(RECORDS FOR THE EXERCISE Opens)

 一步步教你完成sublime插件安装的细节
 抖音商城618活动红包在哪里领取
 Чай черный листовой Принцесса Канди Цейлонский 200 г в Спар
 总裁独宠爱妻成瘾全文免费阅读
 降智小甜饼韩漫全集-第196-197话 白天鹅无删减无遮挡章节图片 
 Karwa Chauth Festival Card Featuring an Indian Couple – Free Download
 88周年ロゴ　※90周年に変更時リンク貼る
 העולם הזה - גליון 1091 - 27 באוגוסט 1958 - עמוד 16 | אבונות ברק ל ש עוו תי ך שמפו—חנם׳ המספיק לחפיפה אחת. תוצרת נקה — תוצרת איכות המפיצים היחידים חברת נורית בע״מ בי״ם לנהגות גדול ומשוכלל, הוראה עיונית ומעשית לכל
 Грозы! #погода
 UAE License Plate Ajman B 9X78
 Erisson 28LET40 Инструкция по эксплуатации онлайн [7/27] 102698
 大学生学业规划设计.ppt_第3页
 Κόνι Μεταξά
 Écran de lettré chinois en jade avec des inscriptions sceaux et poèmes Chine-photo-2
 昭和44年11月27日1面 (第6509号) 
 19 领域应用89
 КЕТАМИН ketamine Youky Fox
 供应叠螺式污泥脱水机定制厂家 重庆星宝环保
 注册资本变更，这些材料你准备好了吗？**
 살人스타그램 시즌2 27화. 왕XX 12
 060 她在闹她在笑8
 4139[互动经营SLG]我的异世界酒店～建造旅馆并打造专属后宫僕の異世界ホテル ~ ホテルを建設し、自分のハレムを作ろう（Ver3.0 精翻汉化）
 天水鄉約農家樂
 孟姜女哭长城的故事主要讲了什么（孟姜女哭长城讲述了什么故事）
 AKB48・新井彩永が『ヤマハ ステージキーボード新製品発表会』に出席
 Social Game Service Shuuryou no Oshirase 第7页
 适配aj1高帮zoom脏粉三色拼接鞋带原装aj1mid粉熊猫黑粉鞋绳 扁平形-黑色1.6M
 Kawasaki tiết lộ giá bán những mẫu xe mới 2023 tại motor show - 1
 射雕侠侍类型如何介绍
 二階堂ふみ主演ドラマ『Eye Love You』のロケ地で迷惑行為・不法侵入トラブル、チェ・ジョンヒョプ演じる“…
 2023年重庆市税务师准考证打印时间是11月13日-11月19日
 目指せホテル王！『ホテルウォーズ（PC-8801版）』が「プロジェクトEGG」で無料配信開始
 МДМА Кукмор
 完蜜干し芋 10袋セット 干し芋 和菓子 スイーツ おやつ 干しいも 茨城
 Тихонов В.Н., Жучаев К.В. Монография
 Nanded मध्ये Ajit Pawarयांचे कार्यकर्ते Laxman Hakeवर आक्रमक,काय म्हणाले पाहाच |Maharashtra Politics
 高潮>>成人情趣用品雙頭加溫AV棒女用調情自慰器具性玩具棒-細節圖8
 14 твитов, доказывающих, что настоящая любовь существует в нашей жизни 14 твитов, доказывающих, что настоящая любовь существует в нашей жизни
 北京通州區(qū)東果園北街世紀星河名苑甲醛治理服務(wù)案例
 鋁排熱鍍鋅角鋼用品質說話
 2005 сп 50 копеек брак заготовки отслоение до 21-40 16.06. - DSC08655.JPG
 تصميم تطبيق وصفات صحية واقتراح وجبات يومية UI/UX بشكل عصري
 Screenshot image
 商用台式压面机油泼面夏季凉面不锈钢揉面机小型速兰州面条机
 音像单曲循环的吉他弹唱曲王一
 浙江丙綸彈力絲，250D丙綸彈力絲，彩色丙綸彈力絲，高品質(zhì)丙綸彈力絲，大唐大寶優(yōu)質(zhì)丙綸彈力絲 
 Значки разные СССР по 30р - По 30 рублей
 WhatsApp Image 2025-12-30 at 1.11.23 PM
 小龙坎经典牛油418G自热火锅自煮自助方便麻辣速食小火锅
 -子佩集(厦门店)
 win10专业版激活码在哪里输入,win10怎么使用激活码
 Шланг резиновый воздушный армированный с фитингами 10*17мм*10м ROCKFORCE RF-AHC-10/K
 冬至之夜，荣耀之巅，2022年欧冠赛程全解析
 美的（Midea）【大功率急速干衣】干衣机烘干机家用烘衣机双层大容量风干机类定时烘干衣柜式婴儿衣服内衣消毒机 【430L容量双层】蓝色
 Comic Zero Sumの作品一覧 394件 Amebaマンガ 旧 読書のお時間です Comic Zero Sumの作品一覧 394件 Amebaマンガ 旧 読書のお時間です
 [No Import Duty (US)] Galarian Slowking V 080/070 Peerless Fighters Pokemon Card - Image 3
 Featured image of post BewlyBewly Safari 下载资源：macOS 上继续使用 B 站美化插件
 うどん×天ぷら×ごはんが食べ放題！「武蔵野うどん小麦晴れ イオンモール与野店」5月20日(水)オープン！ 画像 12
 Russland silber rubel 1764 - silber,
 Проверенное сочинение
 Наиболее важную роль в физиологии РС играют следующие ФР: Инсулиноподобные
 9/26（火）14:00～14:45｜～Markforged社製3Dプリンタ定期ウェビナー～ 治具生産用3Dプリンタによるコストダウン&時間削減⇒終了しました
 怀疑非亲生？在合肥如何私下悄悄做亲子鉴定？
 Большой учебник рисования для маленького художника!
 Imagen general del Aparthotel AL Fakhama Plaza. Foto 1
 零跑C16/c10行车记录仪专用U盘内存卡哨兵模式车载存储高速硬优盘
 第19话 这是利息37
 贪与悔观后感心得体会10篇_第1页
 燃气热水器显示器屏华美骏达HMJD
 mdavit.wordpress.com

(RECORDS FOR THE EXERCISE Closes)

### EXERCISE REQUIREMENTS
Lines of the data above that include the string "Card" must each be copied.

### RESPONSE BOX
 Karwa Chauth Festival Card Featuring an Indian Couple – Free Download
 [No Import Duty (US)] Galarian Slowking V 080/070 Peerless Fighters Pokemon Card - Image 3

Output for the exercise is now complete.